10 October 2011

Transferring projects from Final Cut to After Effects

I'm a big fan of using Final Cut Pro for speedy editing and sound mixdown, then switching my project to Adobe After Effects for colour grading, graphics and titles.

The hard way
This workflow can be a pain. FCP can't migrate projects to AE seamlessly like Adobe Premiere, and since I've doggedly refused to adopt Premiere, I've been forced to manually re-create my edit in AE, either by exporting my FCP sequence in Uncompressed 10-bit* (for MiniDV projects), or importing the native clips into AE and setting in/out points (for file-based clips, e.g. from solid-state media). The first is restrictive and hogs hard drive space, the second can be enormously time consuming even for a short sequence.

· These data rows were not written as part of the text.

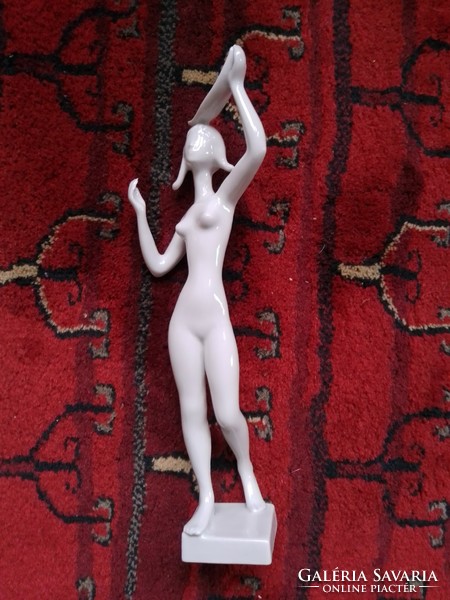Rare! Old white unpainted glazed drasche porcelain figure, filigree female nude with bowl on head, flawless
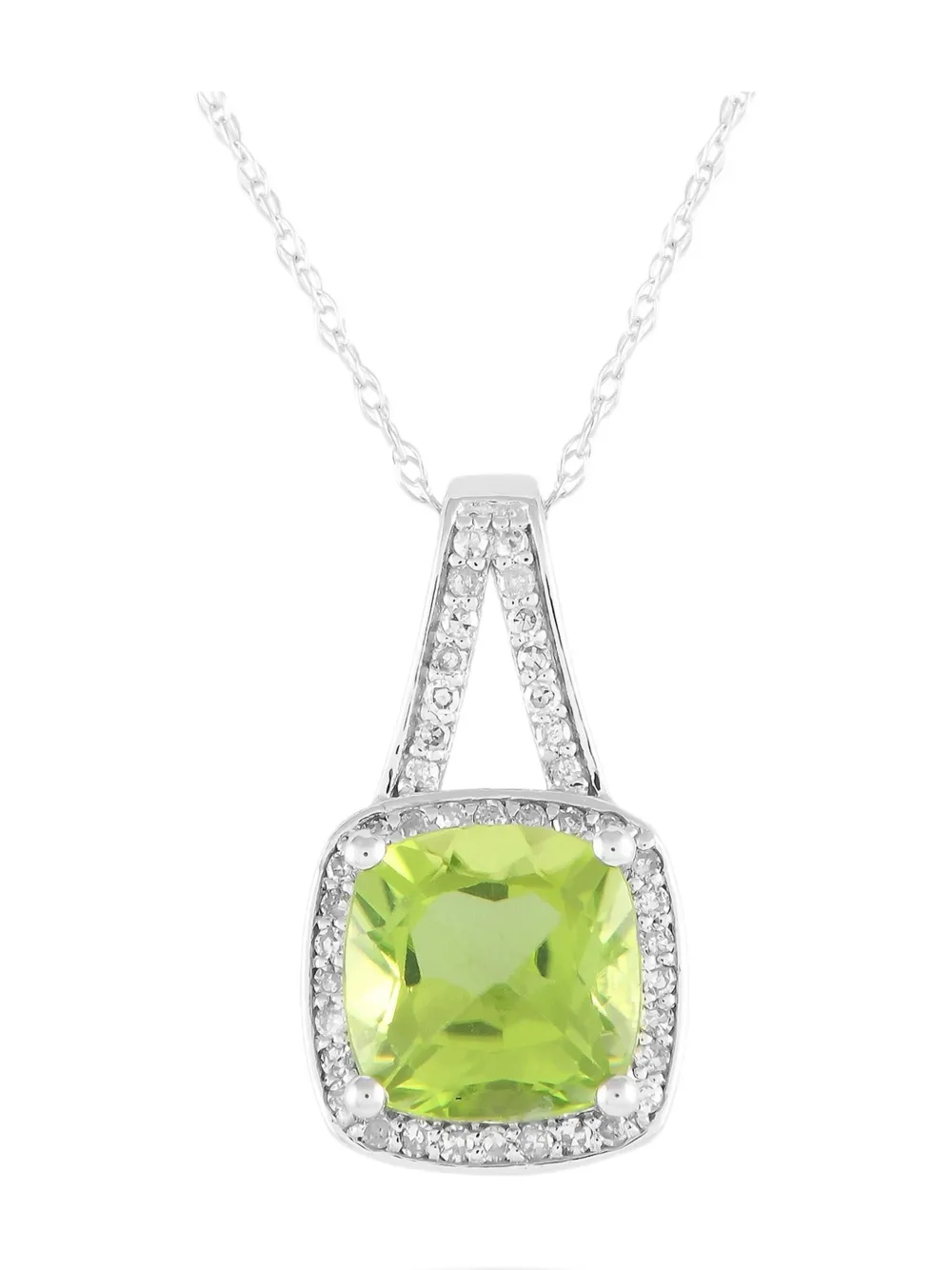 Pre-owned Lb Exclusive 14k White Gold Diamond And Peridot Necklace In Silver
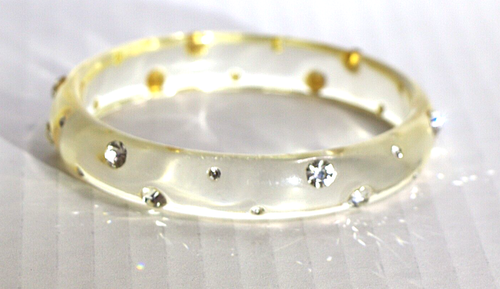 Vintage 20er Jahre klarer Bakelit Armreif Armband mit Strass stilvoll Art Deco - Bild 3 von 4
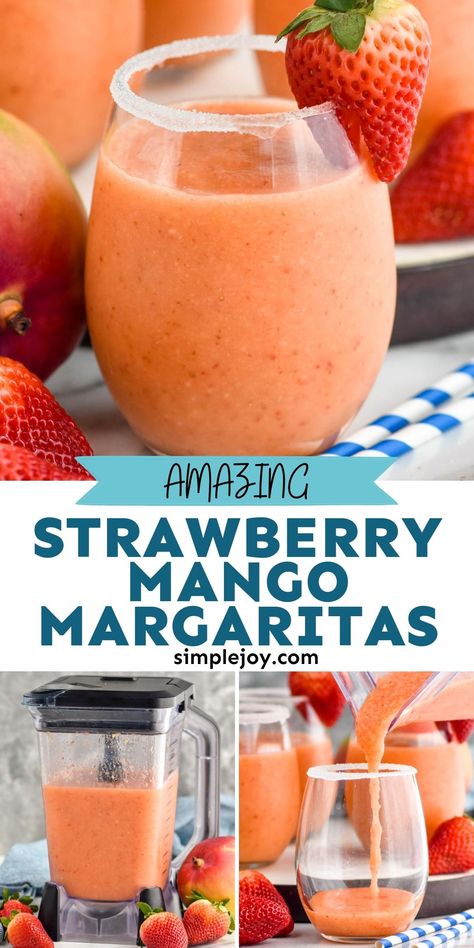 Strawberry Mango Margaritas are perfect for making for a crowd. Whip up a pitcher with just five ingredients! This is going to be your favorite summer cocktail! Strawberry Mango Margarita Recipe, Strawberry Mango Margarita, Fruity Margarita Recipe, Mango Margaritas, Mango Margarita Recipe, Bartending 101, Mango Vodka, Strawberry Margarita Recipe, Classic Margarita Recipe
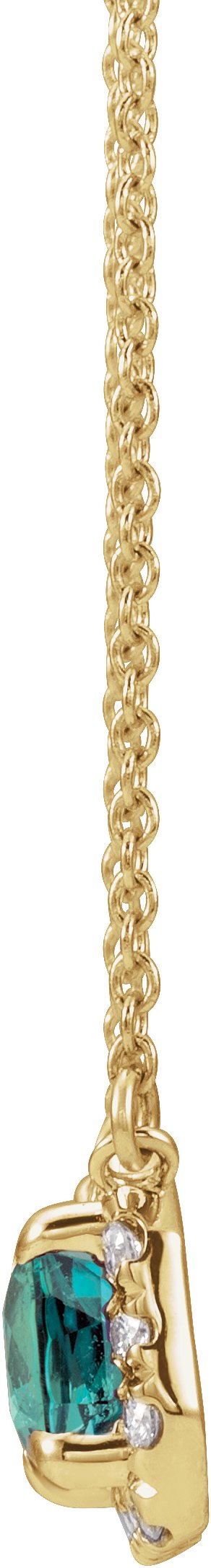 14K Gold Emerald Lab-Grown Alexandrite & Natural Diamond French-Set Halo-Style Necklace - Yellow Gold - view 2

*At home I have FCP 5, so no ProRes codecs.

The easy way
The alternative was a very good utility called Automatic Duck, which looks like it has recently been assimilated into Adobe. It transfers to and from FCP, AE along with Avid and other software too, but was a bit pricey at several hundred dollars/pounds. Edit: Automatic Duck software has recently been made free. As in beer. Download your copy now before they change their mind!

The easy & cheap way
Recently I found an excellent After Effects script from Popcorn Island called FCP2AE, and it does a good job converting FCP's XML export file into After Effects CS3, CS4 and CS5. I have tried a legacy version on AE CS3 and it worked well. Unfortunately I can only use After Effects 7 at home, for which this script is not compatible.

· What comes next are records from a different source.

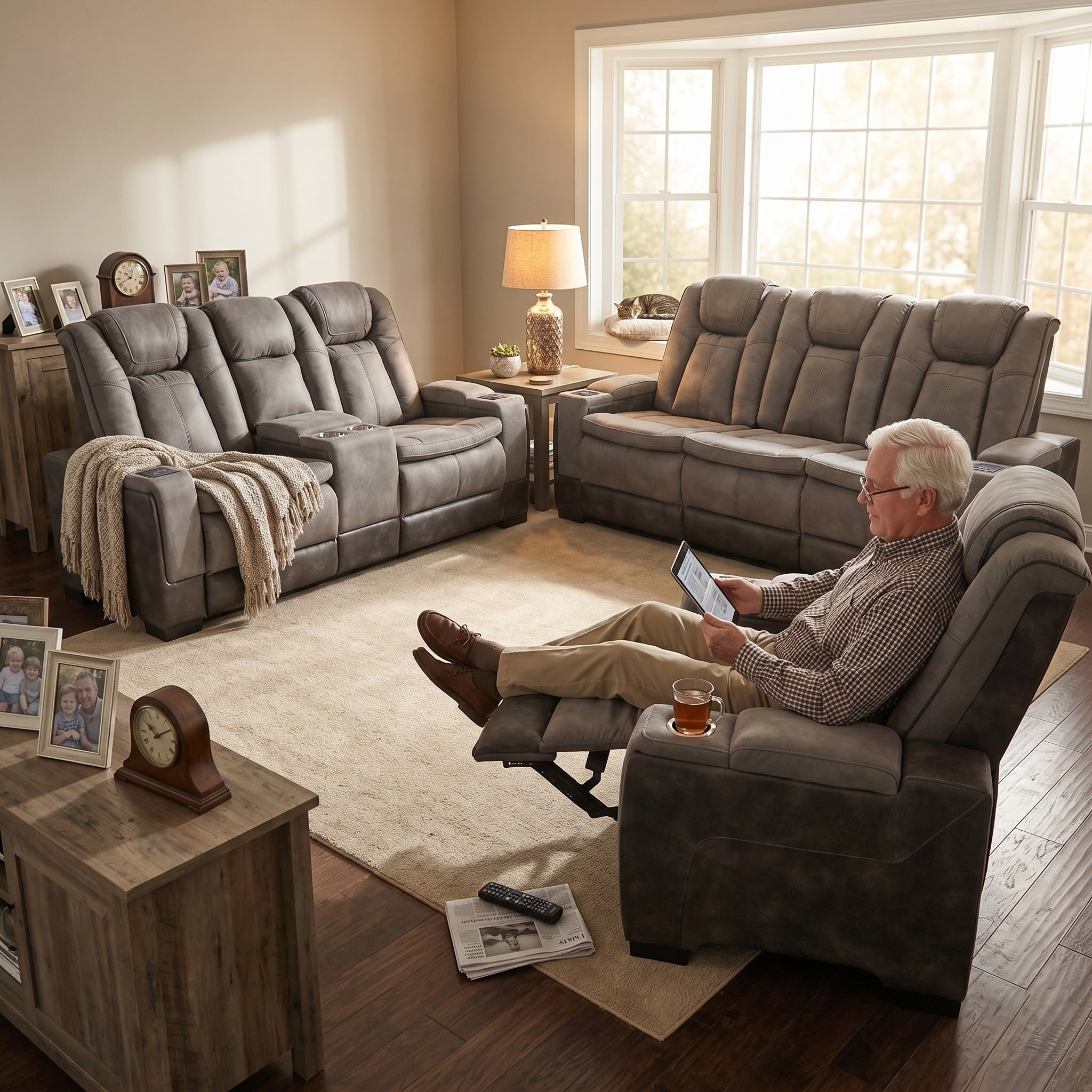 Charlie Gray Power Recliner Sofa & Loveseat & Chair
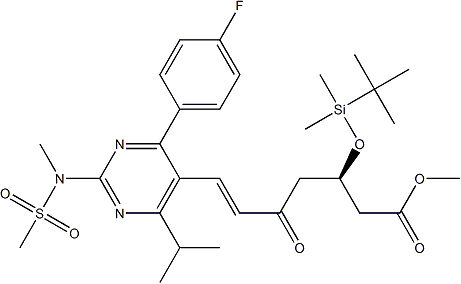 PI-37712 (R,E)-Methyl 3-((tert-butyldimethylsilyl)oxy)-7-(4-(4-fluorophenyl)-6-isopropyl-2-(N-methylmethylsulfonamido)pyrimidin-5-yl)-5-oxohept-6-enoate (147118-38-5)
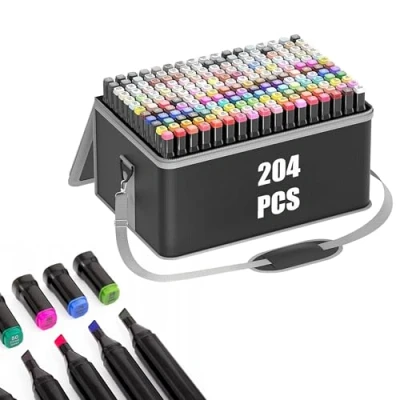 Afbeelding van 204 stuks alcoholmarkers voor manga/design/school met sneldrogende alcoholmarkers, dubbelzijdige markers, viltstiften, tekenen, kleuren draagtas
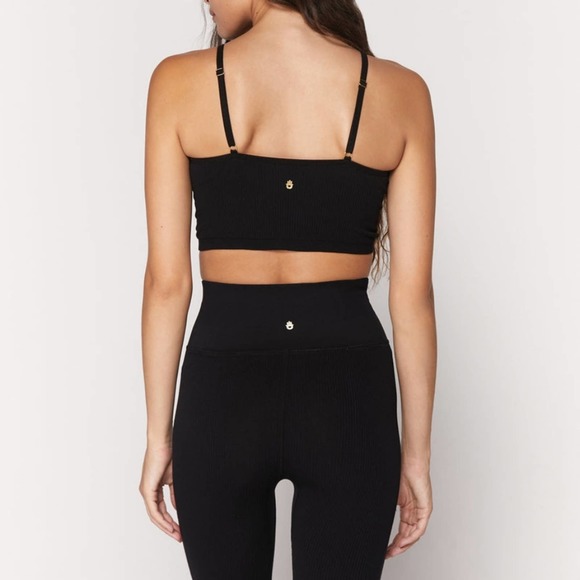 Spiritual gangster ribbed Zen cami sports bra XS/Small black - Picture 2 of 7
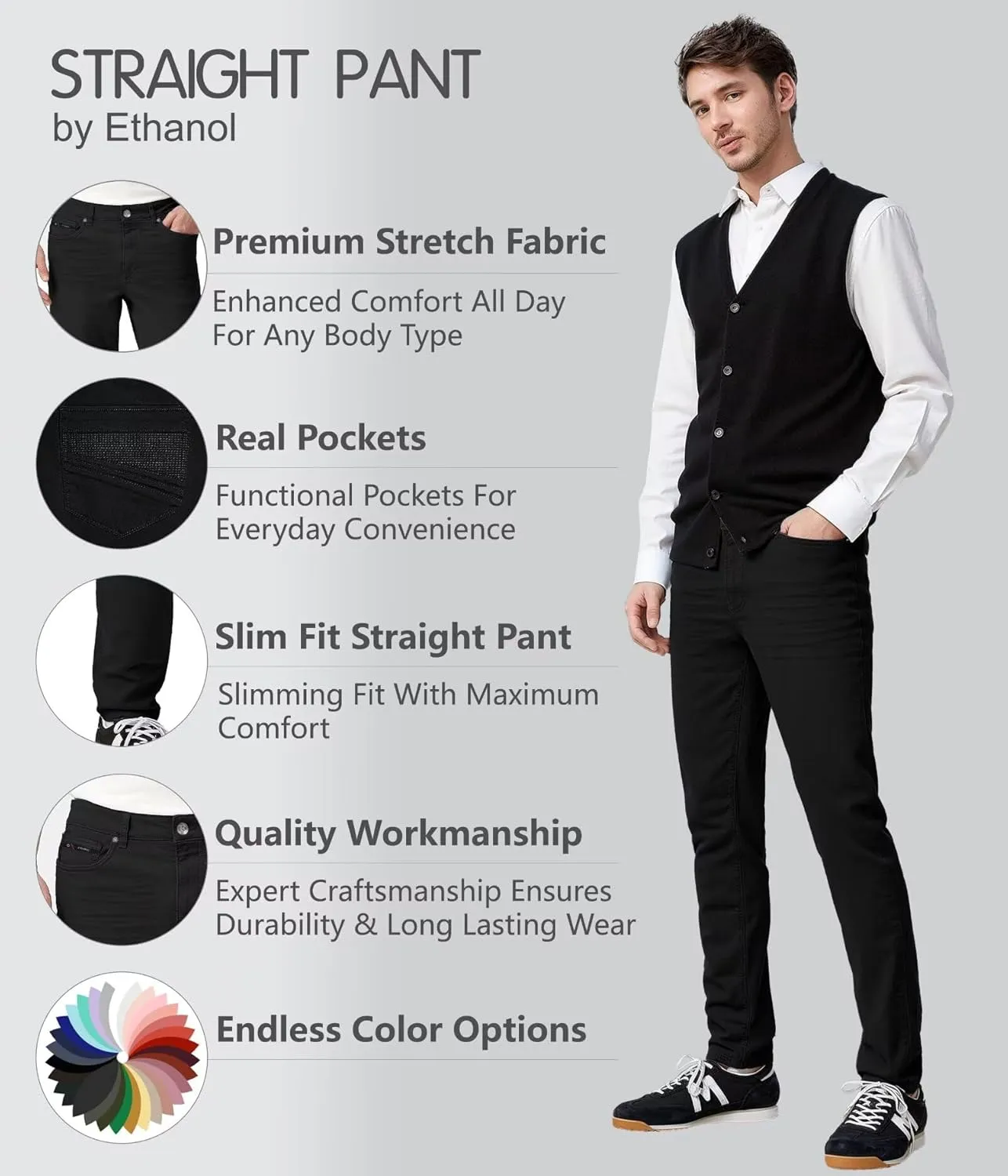 ETHANOL Men's Slim-Fit Comfort Stretch with 5 Pocket Design Straight Pants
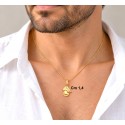 COLLAR MEDALLA VENECIANO EN AMARILLO ORO 18 KT 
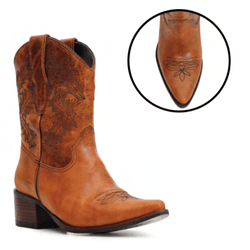 Bota Bico Fino Fóssil Caramelo - 11229caramelo - VIP WESTERN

The easy & cheap way if you're stuck in the Dark Ages
Shortly thereafter I made an even more fabulous discovery -- a similar solution which is compatible with older software all the way back to After Effects 6.5 and Final Cut Pro 4. BasicFCPtoAE is an application that converts FCP's XML file into an After Effects script, which can then be run in AE and imports the edited sequence and all the native footage. It uses an earlier version of FCP's XML, so it cannot transfer transitions and effects, but if all you want is to get your straight cuts into AE without re-editing the whole sequence again, it is proper bone-fide awesome.

In fact if you're just after no-nonsense cuts, BasicFCPtoAE is actually better than the more modern FCP2AE.  For the latter, the imported sequences and clips are structured in a hierarchy of folders, whereas for BasicFCPtoAE your After Effects project shows the sequence and the clips, that's all.  Much simpler to navigate.